What to work on: What should you transcribe? Every line from the top of the records below through the line with "Holiday House by", exactly, and no pictures.

(Records excerpted from a collection)
----------------
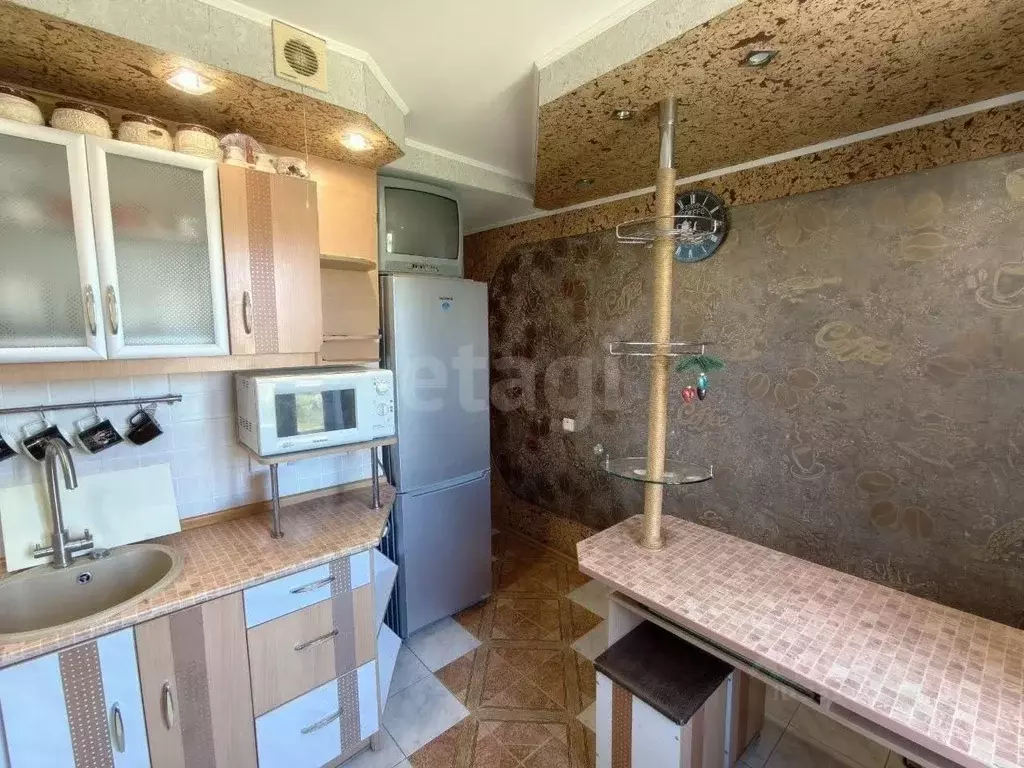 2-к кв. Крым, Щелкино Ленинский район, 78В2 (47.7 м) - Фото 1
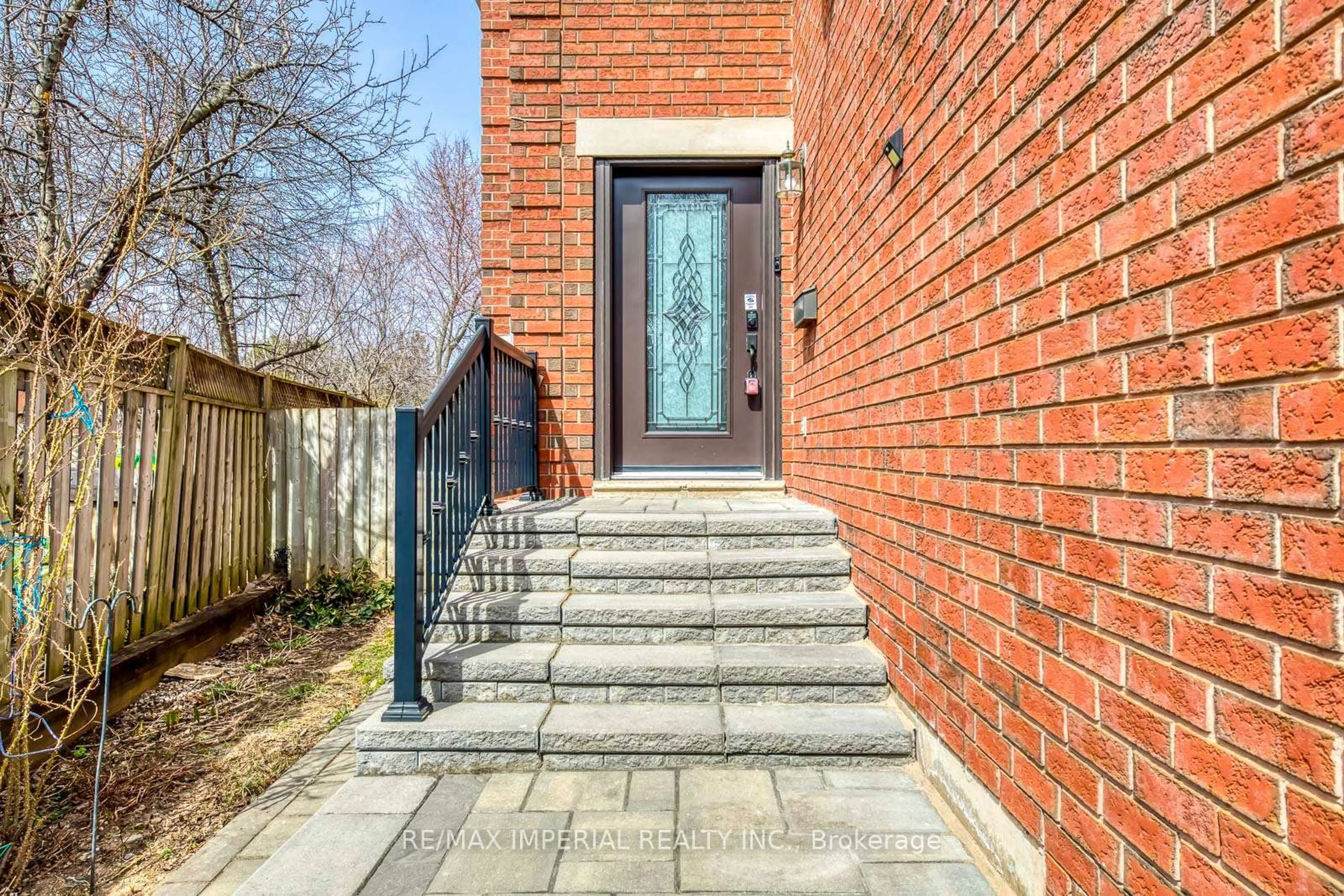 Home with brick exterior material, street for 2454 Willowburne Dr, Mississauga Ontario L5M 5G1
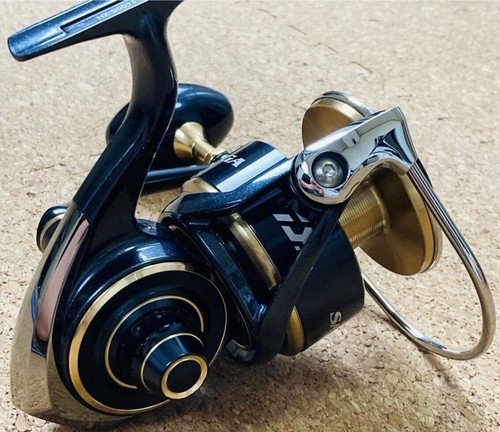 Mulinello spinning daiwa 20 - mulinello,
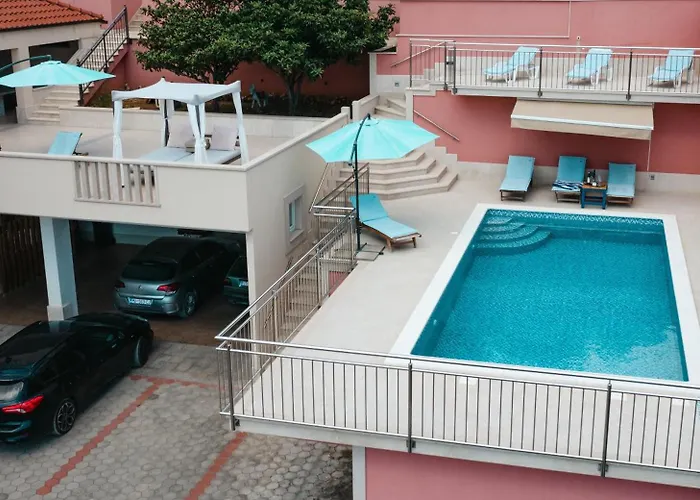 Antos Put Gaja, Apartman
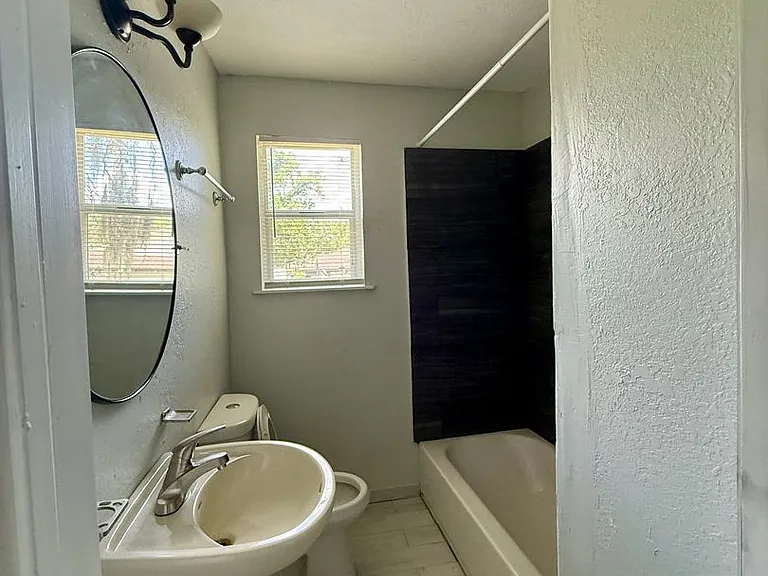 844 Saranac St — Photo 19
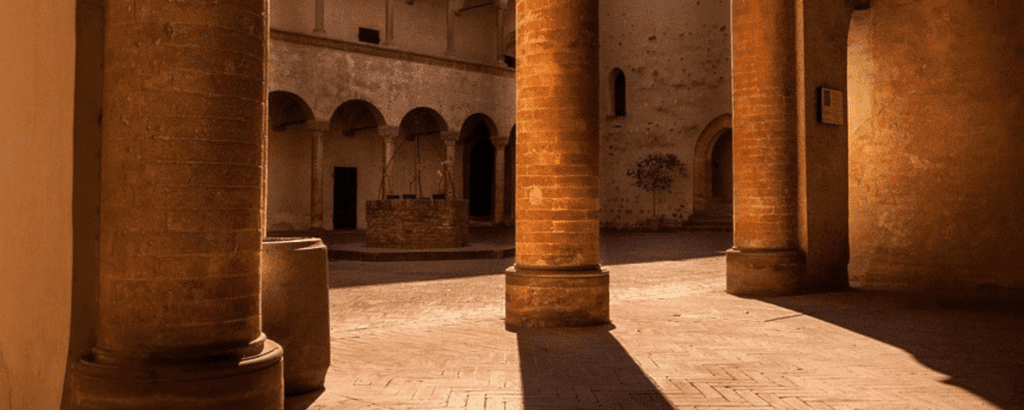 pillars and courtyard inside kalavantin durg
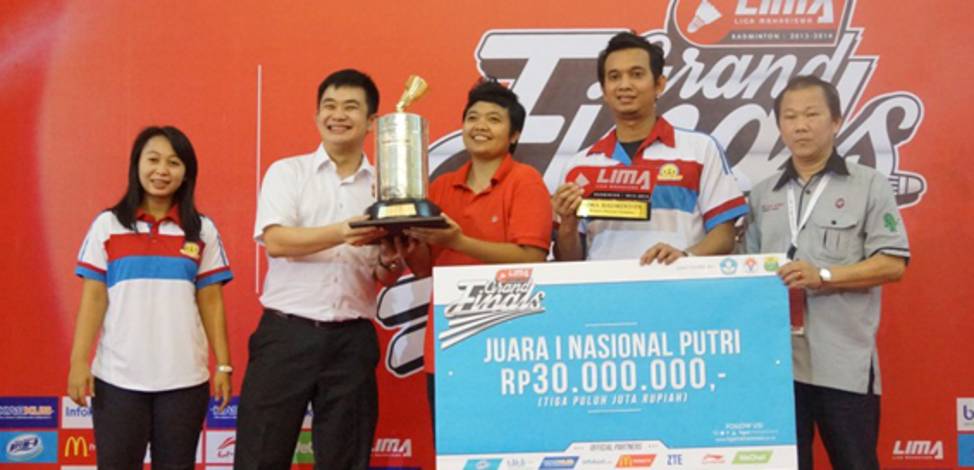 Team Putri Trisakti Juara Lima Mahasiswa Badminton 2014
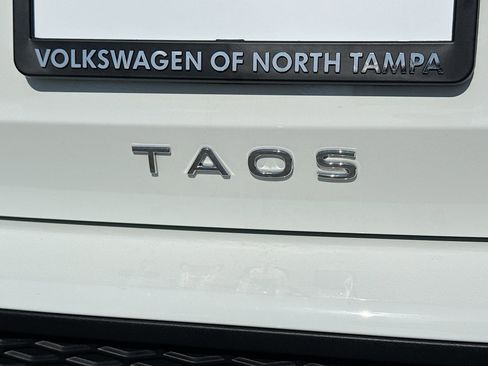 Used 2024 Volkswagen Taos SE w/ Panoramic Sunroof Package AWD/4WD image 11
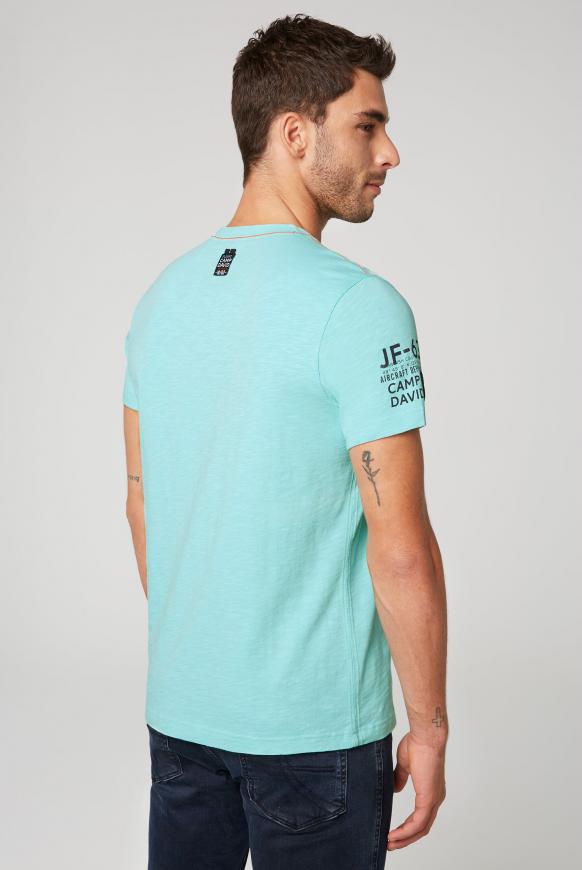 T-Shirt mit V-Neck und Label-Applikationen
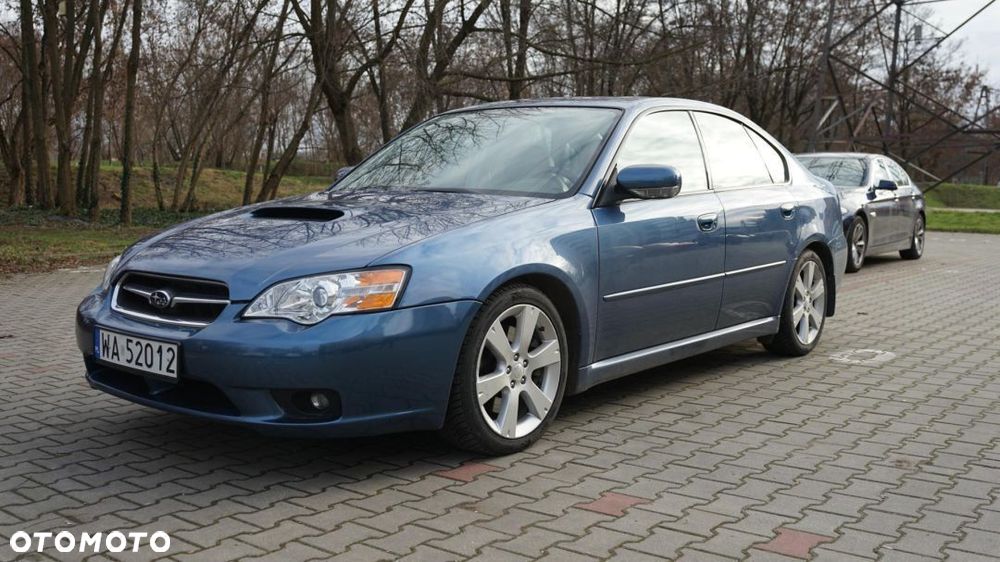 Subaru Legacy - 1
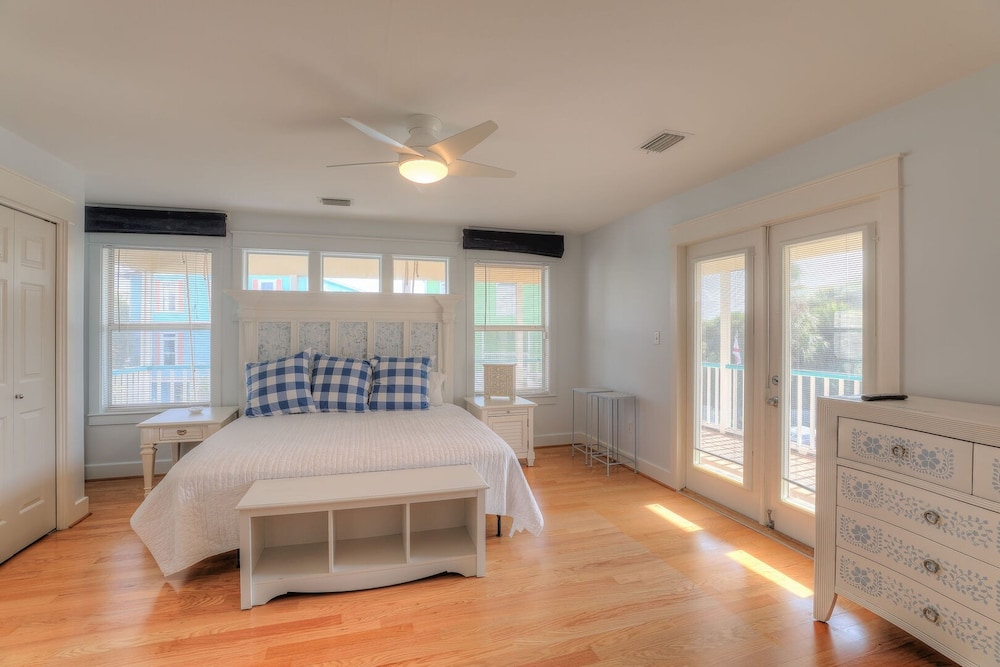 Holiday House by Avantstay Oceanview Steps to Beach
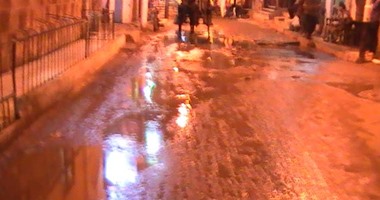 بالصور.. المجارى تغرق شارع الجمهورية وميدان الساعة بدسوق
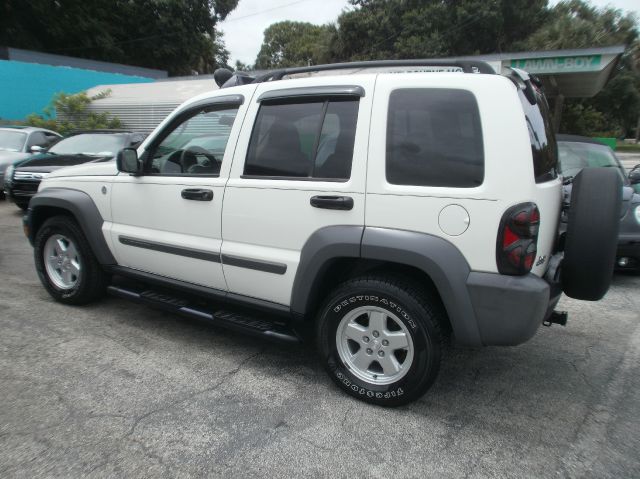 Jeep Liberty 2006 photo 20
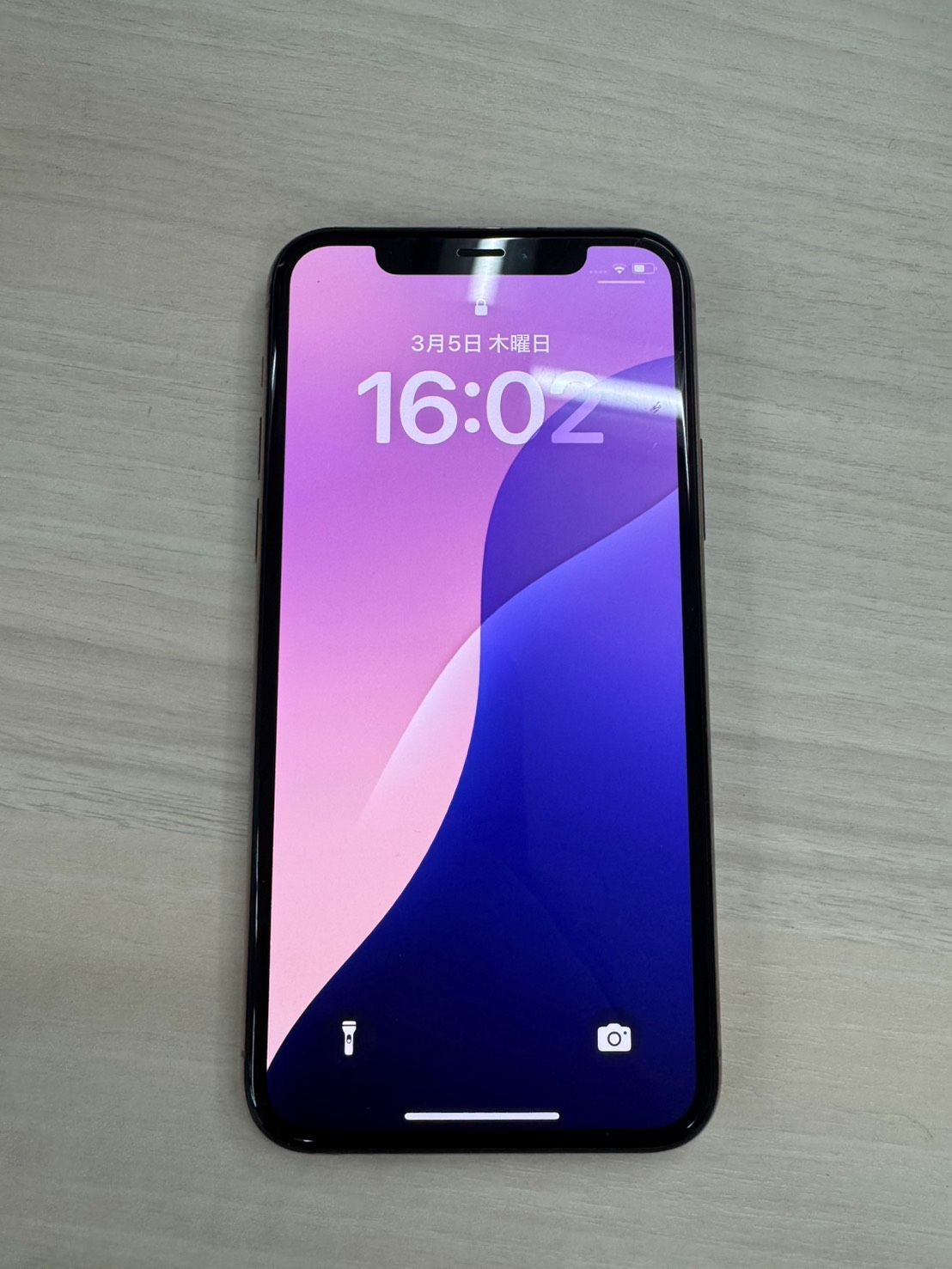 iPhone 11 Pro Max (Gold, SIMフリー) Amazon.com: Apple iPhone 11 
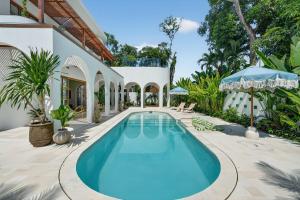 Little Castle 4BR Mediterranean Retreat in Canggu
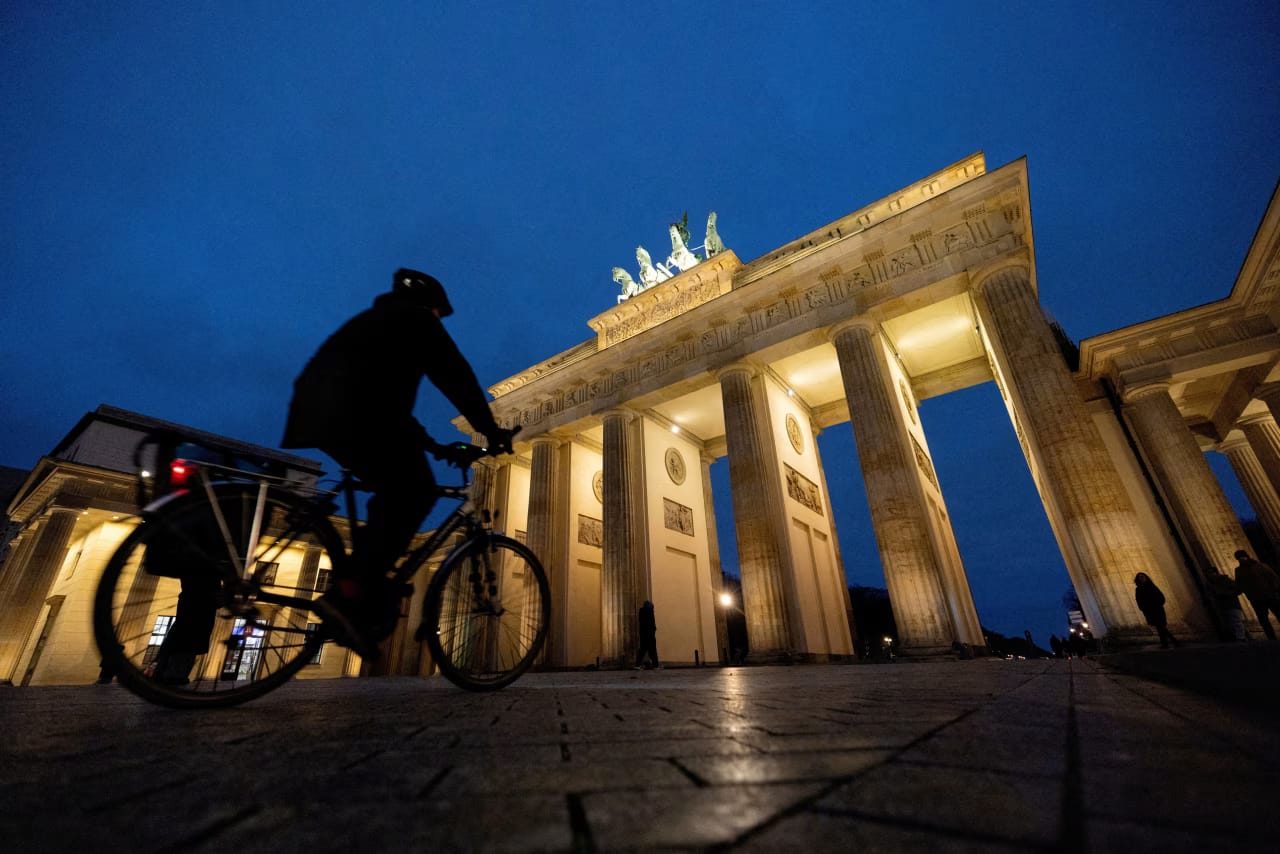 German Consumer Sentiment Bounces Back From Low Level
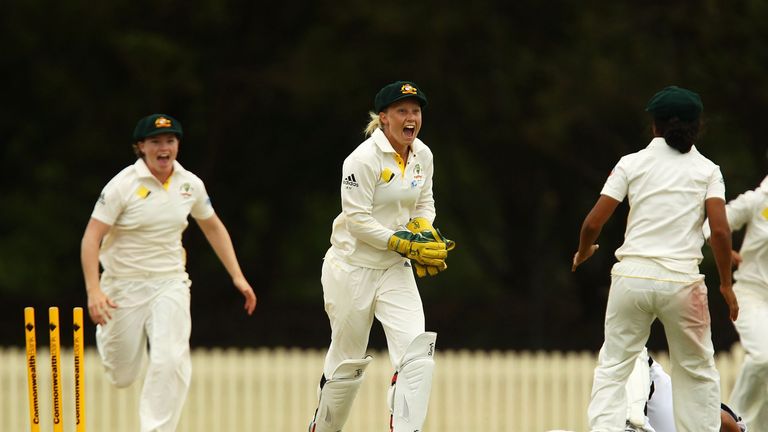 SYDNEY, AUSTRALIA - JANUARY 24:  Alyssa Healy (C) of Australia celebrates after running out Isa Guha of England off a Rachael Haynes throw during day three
----------------
Response to the exercise:
 2-к кв. Крым, Щелкино Ленинский район, 78В2 (47.7 м) - Фото 1
 Home with brick exterior material, street for 2454 Willowburne Dr, Mississauga Ontario L5M 5G1
 Mulinello spinning daiwa 20 - mulinello,
 Antos Put Gaja, Apartman
 844 Saranac St — Photo 19
 pillars and courtyard inside kalavantin durg
 Team Putri Trisakti Juara Lima Mahasiswa Badminton 2014
 Used 2024 Volkswagen Taos SE w/ Panoramic Sunroof Package AWD/4WD image 11
 T-Shirt mit V-Neck und Label-Applikationen
 Subaru Legacy - 1
 Holiday House by Avantstay Oceanview Steps to Beach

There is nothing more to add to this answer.